Try it: Count every line below that contains "style", then give that count and nothing else.

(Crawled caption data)
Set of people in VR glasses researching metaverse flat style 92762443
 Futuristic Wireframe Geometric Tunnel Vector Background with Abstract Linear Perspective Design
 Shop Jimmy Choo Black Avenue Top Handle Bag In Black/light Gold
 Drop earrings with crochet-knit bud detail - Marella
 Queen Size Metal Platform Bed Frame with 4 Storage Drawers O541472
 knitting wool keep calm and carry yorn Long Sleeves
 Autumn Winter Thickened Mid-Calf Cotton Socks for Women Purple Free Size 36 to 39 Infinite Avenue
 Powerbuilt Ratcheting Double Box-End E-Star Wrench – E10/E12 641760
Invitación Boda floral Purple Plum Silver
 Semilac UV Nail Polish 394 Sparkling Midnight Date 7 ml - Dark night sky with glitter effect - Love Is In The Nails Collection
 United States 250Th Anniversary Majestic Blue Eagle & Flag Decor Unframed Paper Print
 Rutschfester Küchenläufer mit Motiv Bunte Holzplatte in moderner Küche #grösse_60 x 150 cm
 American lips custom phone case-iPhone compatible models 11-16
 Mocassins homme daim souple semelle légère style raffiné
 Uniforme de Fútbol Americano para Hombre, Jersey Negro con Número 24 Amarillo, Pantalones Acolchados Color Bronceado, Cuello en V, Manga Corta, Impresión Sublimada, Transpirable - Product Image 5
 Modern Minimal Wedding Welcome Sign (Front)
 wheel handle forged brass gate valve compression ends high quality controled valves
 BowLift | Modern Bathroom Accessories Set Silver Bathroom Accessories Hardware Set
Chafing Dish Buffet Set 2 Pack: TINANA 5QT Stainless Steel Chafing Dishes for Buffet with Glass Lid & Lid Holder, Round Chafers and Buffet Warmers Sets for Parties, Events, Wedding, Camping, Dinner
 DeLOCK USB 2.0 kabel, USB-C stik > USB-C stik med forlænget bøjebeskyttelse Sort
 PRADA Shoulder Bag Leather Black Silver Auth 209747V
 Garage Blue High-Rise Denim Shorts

Worked solution: 2